__ASSIGNMENT__. When the line containing "Colorful Dreams: Sleepy Cat Art T-Shirt" appears in the data below, begin copying there and stop only after the line containing "Melissa Midi Dress".

__SOURCE MATERIAL__.

>>>>>

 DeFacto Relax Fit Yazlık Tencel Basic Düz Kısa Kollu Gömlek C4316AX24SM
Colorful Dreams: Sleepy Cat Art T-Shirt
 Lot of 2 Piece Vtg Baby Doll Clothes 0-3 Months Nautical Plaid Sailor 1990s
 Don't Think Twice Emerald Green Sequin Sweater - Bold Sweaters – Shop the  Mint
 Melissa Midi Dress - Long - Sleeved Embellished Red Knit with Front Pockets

<<<<<
>>>>>

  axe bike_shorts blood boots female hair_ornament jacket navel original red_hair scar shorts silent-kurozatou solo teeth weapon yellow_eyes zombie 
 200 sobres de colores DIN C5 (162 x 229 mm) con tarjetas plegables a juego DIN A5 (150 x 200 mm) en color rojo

<<<<<

__WRITTEN RESPONSE__.
Colorful Dreams: Sleepy Cat Art T-Shirt
 Lot of 2 Piece Vtg Baby Doll Clothes 0-3 Months Nautical Plaid Sailor 1990s
 Don't Think Twice Emerald Green Sequin Sweater - Bold Sweaters – Shop the  Mint
 Melissa Midi Dress - Long - Sleeved Embellished Red Knit with Front Pockets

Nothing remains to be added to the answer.